**TASK BRIEF**.
Each line in the material below must be transcribed exactly; no picture belongs in the copy.

**INFORMATION SHOWN**.
******
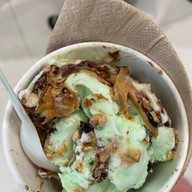 เมนูของร้าน Cold Stone Creamery เทอร์มินอล 21 โคราช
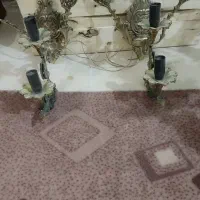 لوستر نو|لوستر و چراغ آویز|خرم‌آباد, |دیوار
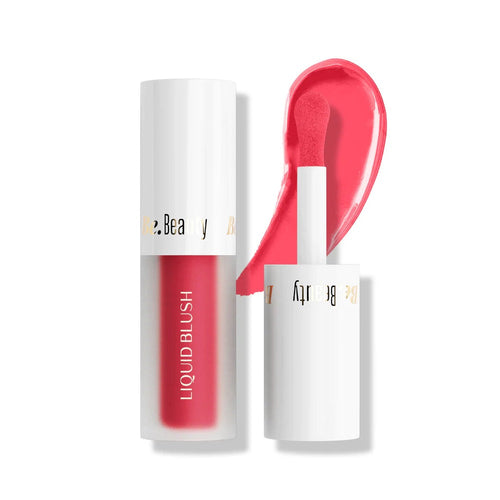 BE BEAUTY SOFT CHEEK LIQUID BLUSH 01 ESTHETIC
******
**OUTPUT OF THE EXERCISE**.
 เมนูของร้าน Cold Stone Creamery เทอร์มินอล 21 โคราช
 لوستر نو|لوستر و چراغ آویز|خرم‌آباد, |دیوار
 BE BEAUTY SOFT CHEEK LIQUID BLUSH 01 ESTHETIC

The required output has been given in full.